Berkapasitas 25 ribu penonton dan jadi yang terbesar membuat stadion rancangan arsitek José María Castell itu jadi kebanggaan kota Madrid. Stadion yang berada di lingkungan Universitas Madrid itu pembangunannya rampung pada 13 Mei 1923. Laga perdananya, Atlético kontra Real Sociedad, berakhir 2-1 untuk tuan rumah.
Baca juga: Luzhniki Ikon Kejayaan Negeri Tirai Besi
Dinamakan Estadio Metropolitano de Madrid lantaran stadion ini didirikan seiring pembangunan kompleks Colonia del Metropolitano. Maka selain Atlético sebagai penyewa, stadion ini juga jadi rumah bagi Racing Club de Madrid (bubar pada 1932) dan Real Sociedad Gímnastica. Kala itu Metropolitano belum sepenuhnya milik Atlético, statusnya kepemilikannya masih di bawah Konsorsium Colonia Metropolitano yang dipegang Otamendi Bersaudara: Joaquín, Miguel, José María dan Julián.
Selain dipakai untuk laga-laga kandang Atlético, Metropolitano juga sempat dipakai timnas Spanyol. Dua kali laga persahabatan dihelat di stadion ini, yakni kala Spanyol menjamu Inggris pada 10 Oktober 1929 dan Austria pada 19 Januari 1936.

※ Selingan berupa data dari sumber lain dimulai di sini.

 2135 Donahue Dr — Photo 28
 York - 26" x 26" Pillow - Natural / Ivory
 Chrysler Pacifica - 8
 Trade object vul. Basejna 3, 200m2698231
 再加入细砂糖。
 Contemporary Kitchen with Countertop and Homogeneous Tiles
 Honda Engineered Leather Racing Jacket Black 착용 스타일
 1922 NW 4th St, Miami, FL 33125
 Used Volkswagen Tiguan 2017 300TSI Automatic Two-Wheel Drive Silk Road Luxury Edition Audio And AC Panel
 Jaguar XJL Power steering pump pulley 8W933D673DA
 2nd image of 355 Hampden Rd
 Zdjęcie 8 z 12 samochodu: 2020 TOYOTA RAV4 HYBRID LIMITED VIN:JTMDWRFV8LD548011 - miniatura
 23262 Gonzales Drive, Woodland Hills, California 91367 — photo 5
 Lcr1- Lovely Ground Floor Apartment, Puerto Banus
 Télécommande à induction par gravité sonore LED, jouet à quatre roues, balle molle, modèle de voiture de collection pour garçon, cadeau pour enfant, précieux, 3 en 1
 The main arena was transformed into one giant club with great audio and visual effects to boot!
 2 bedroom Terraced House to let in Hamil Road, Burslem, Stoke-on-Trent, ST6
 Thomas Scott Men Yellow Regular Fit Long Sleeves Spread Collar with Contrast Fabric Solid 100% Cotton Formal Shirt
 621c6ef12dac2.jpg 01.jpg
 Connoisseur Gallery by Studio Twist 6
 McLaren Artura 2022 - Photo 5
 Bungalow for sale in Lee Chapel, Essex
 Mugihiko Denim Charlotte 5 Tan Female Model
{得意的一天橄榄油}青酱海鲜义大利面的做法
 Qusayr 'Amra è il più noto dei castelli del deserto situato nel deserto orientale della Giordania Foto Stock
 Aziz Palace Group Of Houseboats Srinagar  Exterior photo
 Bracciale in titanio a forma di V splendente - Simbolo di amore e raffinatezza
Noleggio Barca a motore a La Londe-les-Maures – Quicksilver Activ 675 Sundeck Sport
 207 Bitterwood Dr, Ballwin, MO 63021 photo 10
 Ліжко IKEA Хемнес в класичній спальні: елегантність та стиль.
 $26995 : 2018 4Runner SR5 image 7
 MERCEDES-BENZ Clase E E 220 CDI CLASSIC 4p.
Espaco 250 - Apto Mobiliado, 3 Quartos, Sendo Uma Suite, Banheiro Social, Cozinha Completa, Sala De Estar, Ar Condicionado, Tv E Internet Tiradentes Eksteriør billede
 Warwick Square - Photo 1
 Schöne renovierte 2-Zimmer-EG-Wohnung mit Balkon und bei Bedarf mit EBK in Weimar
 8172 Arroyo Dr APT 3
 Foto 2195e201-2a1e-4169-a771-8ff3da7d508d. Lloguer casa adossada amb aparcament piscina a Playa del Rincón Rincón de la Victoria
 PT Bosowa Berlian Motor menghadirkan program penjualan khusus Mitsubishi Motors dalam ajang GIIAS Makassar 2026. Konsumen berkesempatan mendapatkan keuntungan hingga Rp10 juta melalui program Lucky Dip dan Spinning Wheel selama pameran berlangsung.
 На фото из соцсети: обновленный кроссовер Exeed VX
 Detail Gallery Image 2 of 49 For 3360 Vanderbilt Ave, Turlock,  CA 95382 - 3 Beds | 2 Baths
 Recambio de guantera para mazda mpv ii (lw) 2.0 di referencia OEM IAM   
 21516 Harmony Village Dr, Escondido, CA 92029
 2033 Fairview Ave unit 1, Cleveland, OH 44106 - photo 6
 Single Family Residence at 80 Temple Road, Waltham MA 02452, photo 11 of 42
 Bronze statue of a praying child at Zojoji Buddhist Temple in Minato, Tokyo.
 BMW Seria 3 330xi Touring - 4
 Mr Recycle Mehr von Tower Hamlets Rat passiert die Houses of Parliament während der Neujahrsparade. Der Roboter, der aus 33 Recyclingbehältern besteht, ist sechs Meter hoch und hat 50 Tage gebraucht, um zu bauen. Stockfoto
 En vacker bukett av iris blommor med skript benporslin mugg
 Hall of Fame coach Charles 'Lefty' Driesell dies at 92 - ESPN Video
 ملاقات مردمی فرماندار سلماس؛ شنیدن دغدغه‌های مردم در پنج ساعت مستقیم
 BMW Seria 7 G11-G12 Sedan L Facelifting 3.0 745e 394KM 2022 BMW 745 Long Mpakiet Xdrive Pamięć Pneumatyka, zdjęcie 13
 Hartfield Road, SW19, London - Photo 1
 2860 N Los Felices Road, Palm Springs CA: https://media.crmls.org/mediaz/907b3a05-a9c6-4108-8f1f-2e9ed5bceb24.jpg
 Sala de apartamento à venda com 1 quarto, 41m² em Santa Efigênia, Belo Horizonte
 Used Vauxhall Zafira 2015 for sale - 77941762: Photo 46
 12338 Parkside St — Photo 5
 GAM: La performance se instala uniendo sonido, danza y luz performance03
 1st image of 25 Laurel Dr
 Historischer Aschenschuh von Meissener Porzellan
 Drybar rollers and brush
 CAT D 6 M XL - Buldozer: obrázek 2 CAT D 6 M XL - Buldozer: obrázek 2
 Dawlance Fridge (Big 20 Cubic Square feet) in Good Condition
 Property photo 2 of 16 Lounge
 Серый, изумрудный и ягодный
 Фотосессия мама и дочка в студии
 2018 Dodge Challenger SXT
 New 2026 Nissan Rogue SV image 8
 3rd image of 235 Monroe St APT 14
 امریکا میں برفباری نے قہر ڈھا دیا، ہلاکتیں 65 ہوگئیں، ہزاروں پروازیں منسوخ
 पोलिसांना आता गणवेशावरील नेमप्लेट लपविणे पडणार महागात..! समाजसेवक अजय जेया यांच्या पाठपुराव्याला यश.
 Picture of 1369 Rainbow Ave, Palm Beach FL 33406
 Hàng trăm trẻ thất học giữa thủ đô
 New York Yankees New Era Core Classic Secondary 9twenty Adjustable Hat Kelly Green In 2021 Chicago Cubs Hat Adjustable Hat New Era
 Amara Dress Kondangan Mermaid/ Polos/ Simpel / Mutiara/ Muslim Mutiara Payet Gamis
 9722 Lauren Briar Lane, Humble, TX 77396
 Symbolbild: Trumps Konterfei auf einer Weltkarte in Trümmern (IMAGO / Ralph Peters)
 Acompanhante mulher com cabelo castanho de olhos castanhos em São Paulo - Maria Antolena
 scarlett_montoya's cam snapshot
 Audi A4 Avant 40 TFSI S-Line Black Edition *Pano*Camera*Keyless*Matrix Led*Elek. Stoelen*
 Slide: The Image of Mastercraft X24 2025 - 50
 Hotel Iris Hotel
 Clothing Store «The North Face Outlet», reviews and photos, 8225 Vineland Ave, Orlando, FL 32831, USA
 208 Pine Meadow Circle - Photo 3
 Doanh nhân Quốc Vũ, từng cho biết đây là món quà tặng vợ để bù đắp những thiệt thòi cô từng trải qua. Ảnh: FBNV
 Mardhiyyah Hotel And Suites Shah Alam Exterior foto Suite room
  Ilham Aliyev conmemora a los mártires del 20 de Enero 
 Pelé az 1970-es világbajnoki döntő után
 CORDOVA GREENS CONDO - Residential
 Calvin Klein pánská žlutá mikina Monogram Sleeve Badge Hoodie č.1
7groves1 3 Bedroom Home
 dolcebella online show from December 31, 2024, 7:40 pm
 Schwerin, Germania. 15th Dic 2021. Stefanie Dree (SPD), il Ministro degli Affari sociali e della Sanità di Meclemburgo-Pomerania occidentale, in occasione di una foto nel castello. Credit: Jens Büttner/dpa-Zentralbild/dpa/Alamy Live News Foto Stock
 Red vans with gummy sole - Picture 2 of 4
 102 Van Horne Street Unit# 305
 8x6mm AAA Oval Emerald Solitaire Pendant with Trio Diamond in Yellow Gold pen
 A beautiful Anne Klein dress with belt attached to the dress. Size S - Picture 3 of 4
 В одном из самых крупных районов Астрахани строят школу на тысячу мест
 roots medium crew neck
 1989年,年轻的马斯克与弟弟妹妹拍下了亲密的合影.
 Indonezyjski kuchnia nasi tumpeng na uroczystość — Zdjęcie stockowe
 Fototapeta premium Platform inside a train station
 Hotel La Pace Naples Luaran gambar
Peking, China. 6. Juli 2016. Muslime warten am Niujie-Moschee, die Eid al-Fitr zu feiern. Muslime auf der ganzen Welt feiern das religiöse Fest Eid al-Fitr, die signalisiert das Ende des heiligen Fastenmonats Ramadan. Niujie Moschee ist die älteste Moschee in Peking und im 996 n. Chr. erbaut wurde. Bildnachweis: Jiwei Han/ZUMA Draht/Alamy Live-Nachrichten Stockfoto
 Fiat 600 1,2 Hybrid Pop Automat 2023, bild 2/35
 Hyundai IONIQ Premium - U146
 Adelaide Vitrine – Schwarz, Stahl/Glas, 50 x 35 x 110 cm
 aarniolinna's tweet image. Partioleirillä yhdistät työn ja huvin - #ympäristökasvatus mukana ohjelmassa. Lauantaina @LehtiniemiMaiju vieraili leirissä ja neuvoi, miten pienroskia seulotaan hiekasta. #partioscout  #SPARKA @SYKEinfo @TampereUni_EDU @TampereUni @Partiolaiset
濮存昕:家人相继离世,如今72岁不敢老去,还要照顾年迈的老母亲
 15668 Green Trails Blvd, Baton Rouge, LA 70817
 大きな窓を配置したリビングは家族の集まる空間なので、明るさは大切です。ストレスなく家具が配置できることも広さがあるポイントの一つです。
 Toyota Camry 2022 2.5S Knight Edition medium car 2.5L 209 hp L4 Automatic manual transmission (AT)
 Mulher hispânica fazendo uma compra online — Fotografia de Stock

Lima bulan setelah laga kontra Austria, Perang Saudara Spanyol pecah. Metropolitano jadi saksi bisu pertumpahan darah lantaran kompleks universitas jadi medan laga pertempuran antara Pasukan Republik dan Pasukan Nasionalis, 15-23 November 1936, yang populer dengan Pertempuran Ciudad Universitaria.
“Perang Saudara pecah pada musim panas (Juli 1936) dan konflik itu menyeret Stadion Metropolitano hingga menjadikannya rusak menjadi puing-puing. Stadionnya baru kembali dibangun pada 1942,” tulis Charles Parrish dan John Nauright dalam Soccer Around the World: A Cultural Guide to the World’s Favorite Sport.
Usai perang, Otamendi bersaudara tak mampu membangun kembali Metropolitano. Ia akhirnya dibeli Patronato de Huérfanos del Aire dan diperbaiki pada 1941.
Atlético baru membeli stadion ini pada 15 April 1950. Empat tahun berselang Metropolitano direnovasi hingga bisa menampung 50 ribu penonton. Namun, berbarengan dengan pindahnya Atlético ke Stadion Manzanares (kemudian disebut Estadio Vicente Calderón) pada 1966, Metropolitano lantas ditinggalkan. Ia diratakan dengan tanah untuk kemudian disulap jadi gedung apartemen dan perkantoran.